For the first time, the Chinese have become the biggest foreign buyers of apartments in Manhattan, real estate brokers estimate, taking the mantle from the Russians — whose activity has dropped off since the unrest in Ukraine and the imposition of sanctions by the United States.
This comes as wealthy Chinese are pouring money into real estate in New York and some other major cities around the world, including London and Sydney, as they seek safe havens for their cash and also establish a base for their children to get an education in the West.
After the U.S. housing bust in 2007-2010, home prices fell to levels that made them appealingly low by comparison with many other parts of the world. Chinese buyers are switching from markets like Shanghai, Hong Kong and Singapore amid fears that prices have soared to frothy levels. Luxury apartments cost between $4,100 and $5,000 per square foot in Hong Kong, while in Manhattan they cost half that, ranging from about $2,100 to $2,500. London is also cheaper, at $3,300 to $4,100 per square foot.
The brokers say that many Chinese buyers are also investing abroad so they can own property near major educational institutions.
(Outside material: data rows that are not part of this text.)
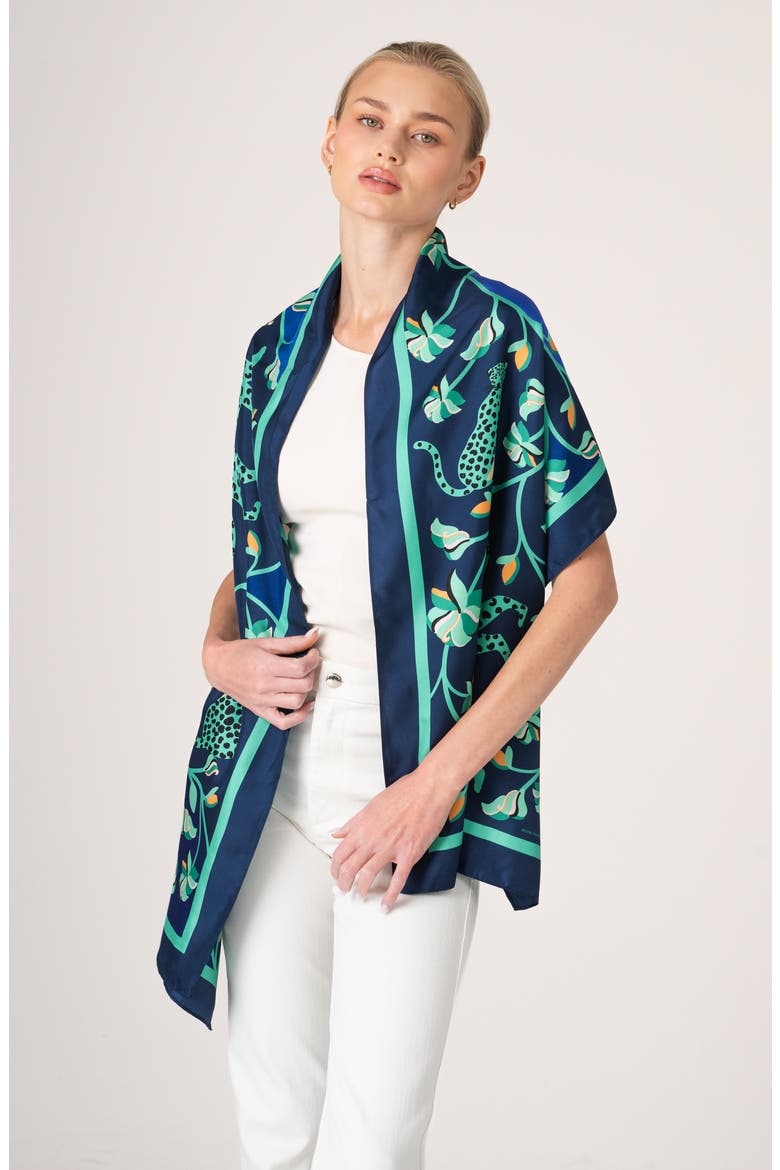 Leopards In The Verdant Wild Oblong Silk Scarf, Alternate, color, Blue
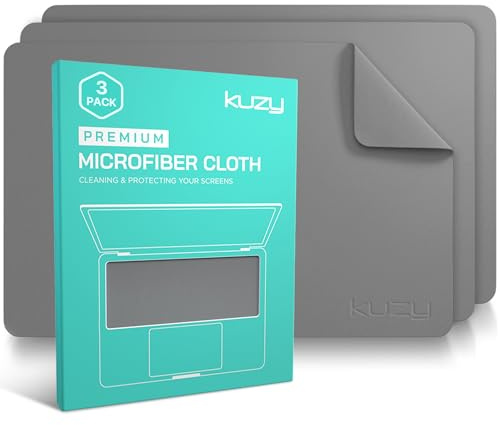 Kuzy 3 Pack Premium Microfiber Cleaning Cloth - MacBook Screen Cleaner Keyboard Cover Imprint Protection Accessories - Laptop Screen Cleaner Cloth - Eyeglass Lens Glasses Cleaner, 3 Pack - Gray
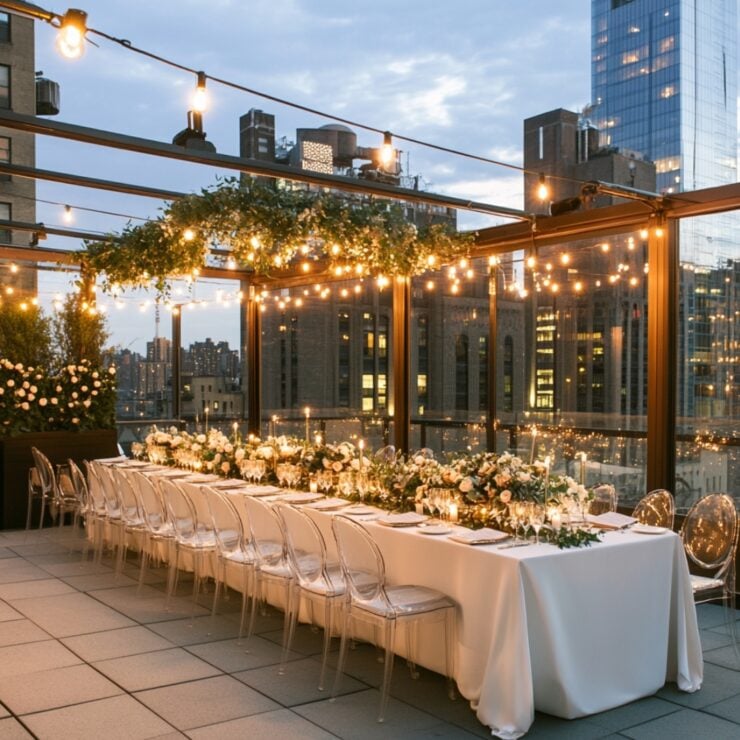 A breathtaking rooftop wedding experience with cityscape views, creative decor, thoughtful lighting, and personalized touches, offering unforgettable memories high above the bustling streets.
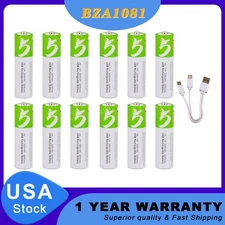 12x USB AA 1.5V Lithium ion Rechargeable li-ion Battery Fast Charge Type C Cable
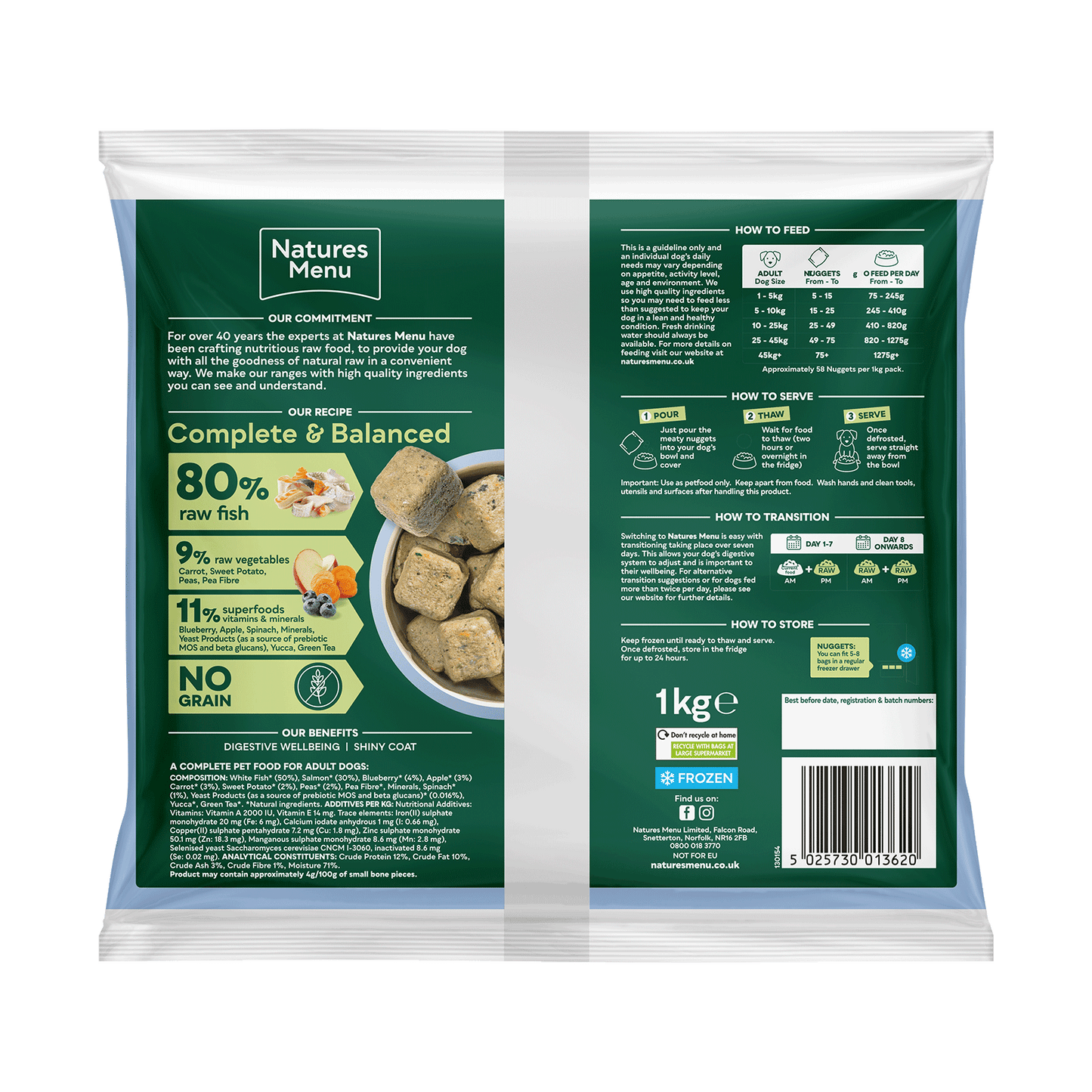 Natures Menu pet food packaging with green label and white border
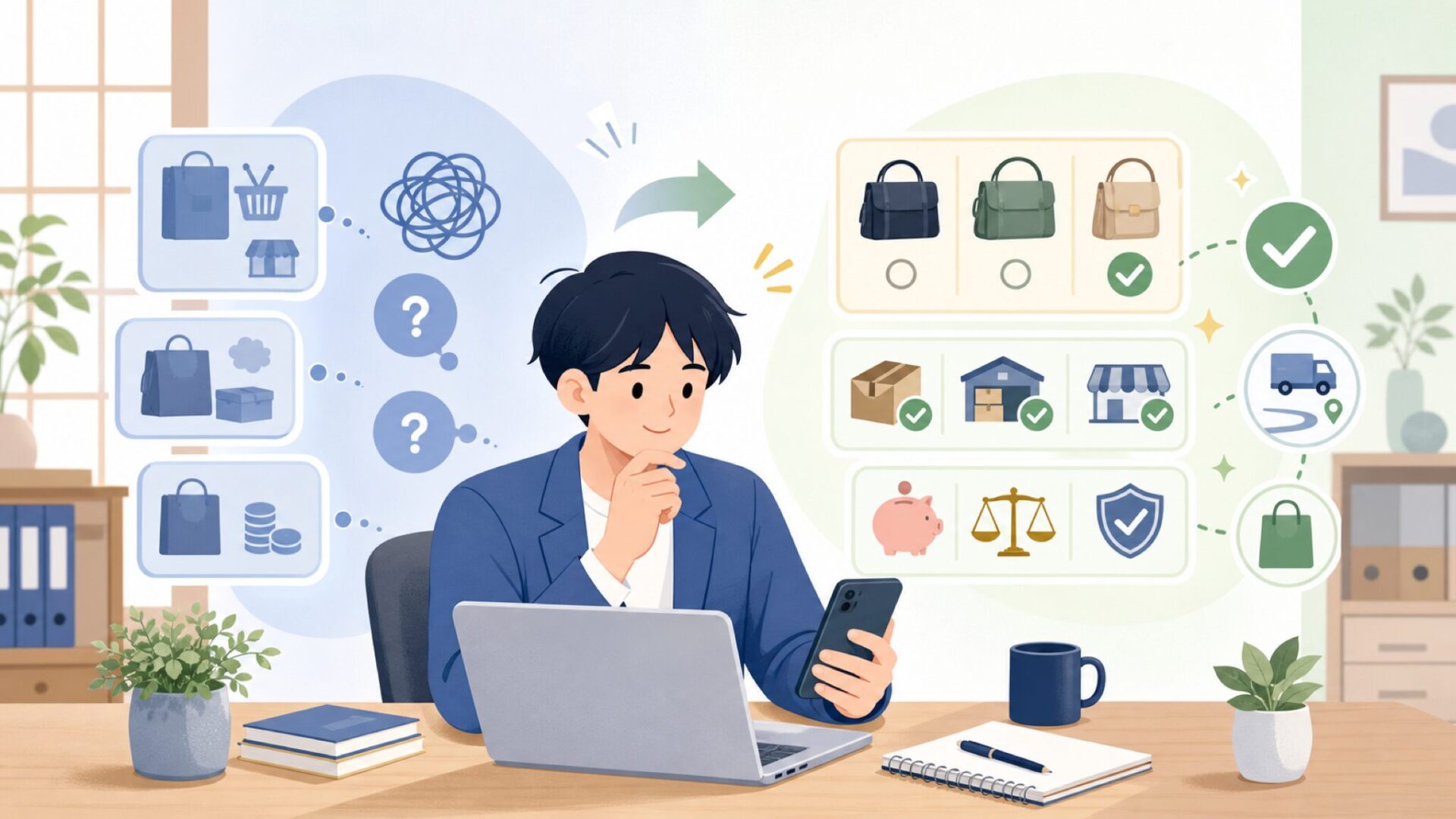 購入前に知っておきたい実用情報を表すイラスト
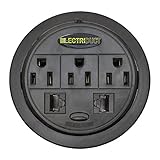 Power Tap Grommet with Hidden Power Center w/ 3 Power & 2 Cat5E - 2 Pack - Black
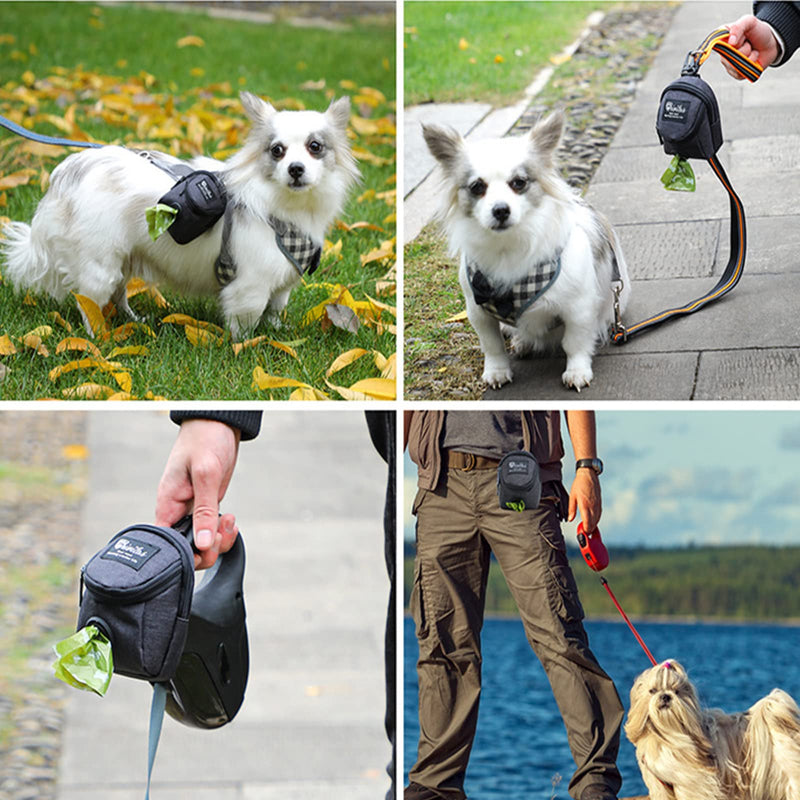 Dog Walking Bag Dog Poo Bag Holder Dispenser Dog Treat Pouch Dog Snack Food Storage Bag Durable Oxford Cloth Dog Waste Bag Carrier Hands Free Pet Accessories Bag for Travel, Walking, Running, Hiking Black - PawsPlanet Australia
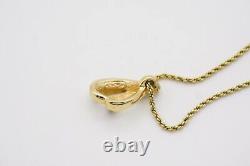 Christian Dior Vintage 1980s Shell Petals Crystals Black Enamel Necklace, Gold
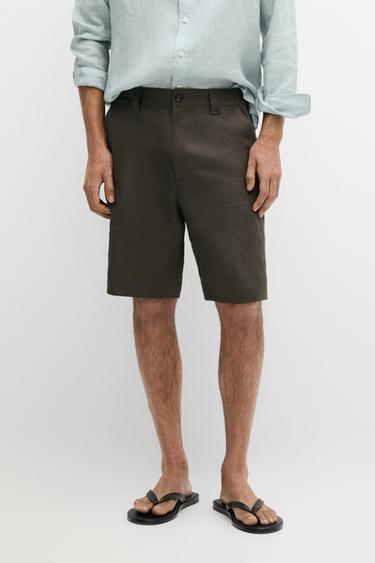 Zara 100% linen short Bermuda shorts - Khaki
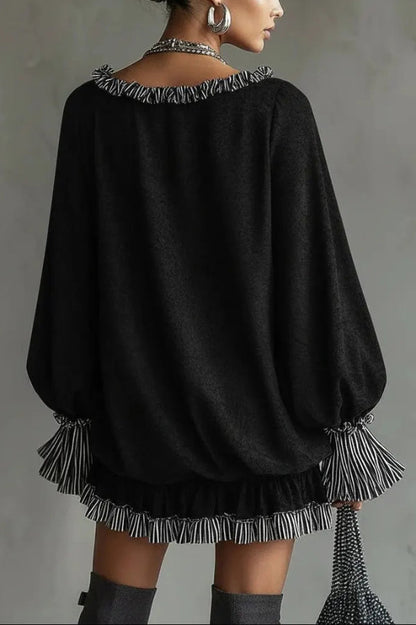 Mini-robe décontractée à manches longues, ample et tendance, avec volants et patchwork.
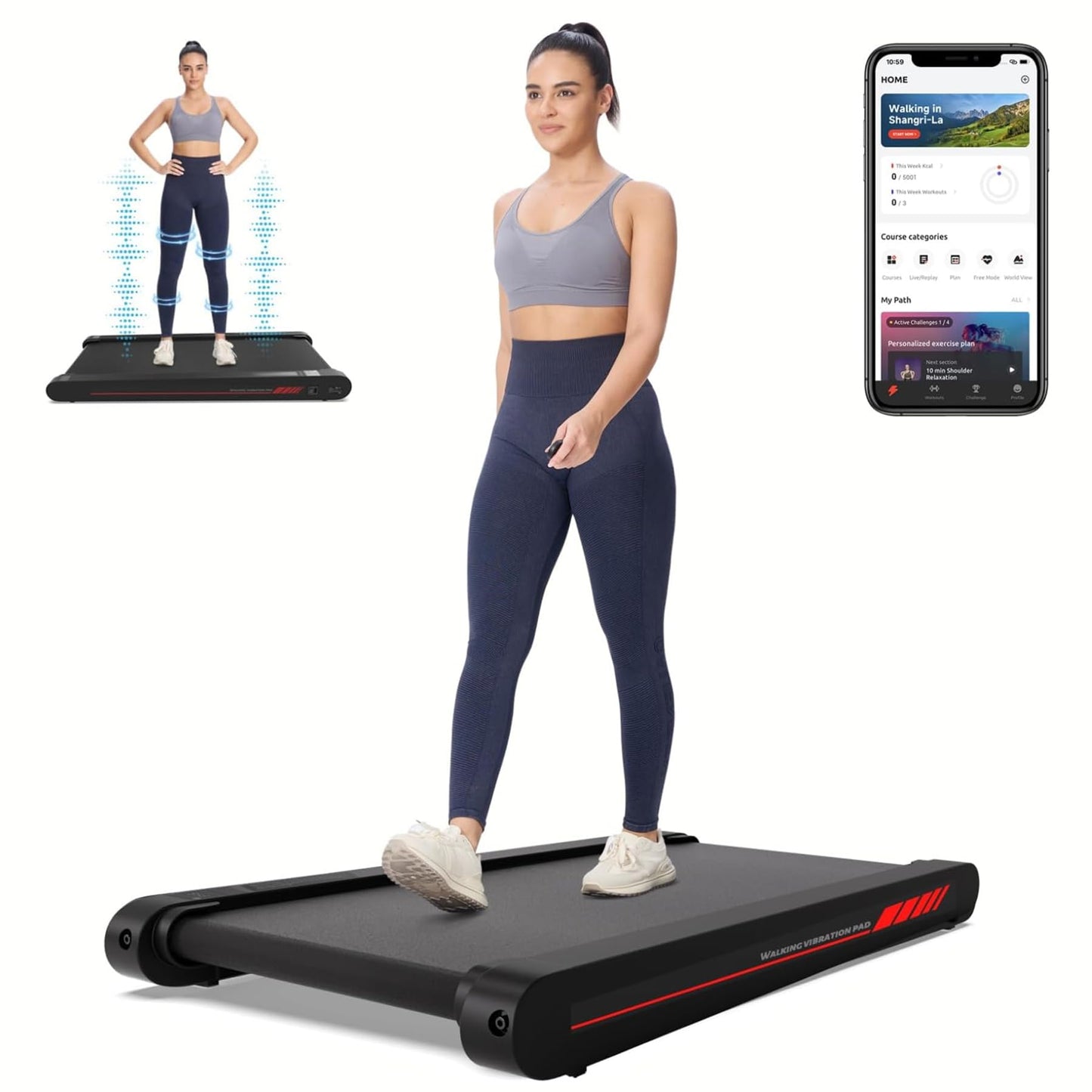 Walking Pad Treadmill with APP, 3 in 1 Under Desk Treadmill, 2.5HP Low Noise Walking Vibration Pad with Remote Control,Portable Treadmills for Home Office, Red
Some are buying homes near top colleges — even though their children are so little they can’t walk yet. More than 80 percent of wealthy Chinese want to send their children overseas to school, according to the Hurun Report, a Shanghai publication.
“They’re looking for trophy properties,” said Broker Shawn Elliott. “They’re looking for their children to be comfortable, and to be near Columbia or New York University.”
In Manhattan, some locals are also starting to grumble, brokers say, about the new “China Price,” a phenomenon that can see Chinese buyers sweep in and outbid other buyers, often with all-cash offers.
In Manhattan, it wasn’t long ago that Russian oligarchs dominated the gilded world of real estate, gobbling up status-heavy marquee properties, such as an $88 million Robert A.M. Stern-designed penthouse and a $75 million mansion with a ballroom and a rooftop aerie.
Now, brokers say, Russian buyers have become scarce largely because of fears that the struggle over Ukraine will worsen leading to increasingly tough U.S. sanctions on politically-connected and wealthy Russians.
“They’re gone, they’re gone,” said Sotheby’s International broker Nikki Field, “They’ve been gone since the Crimean outbreak.”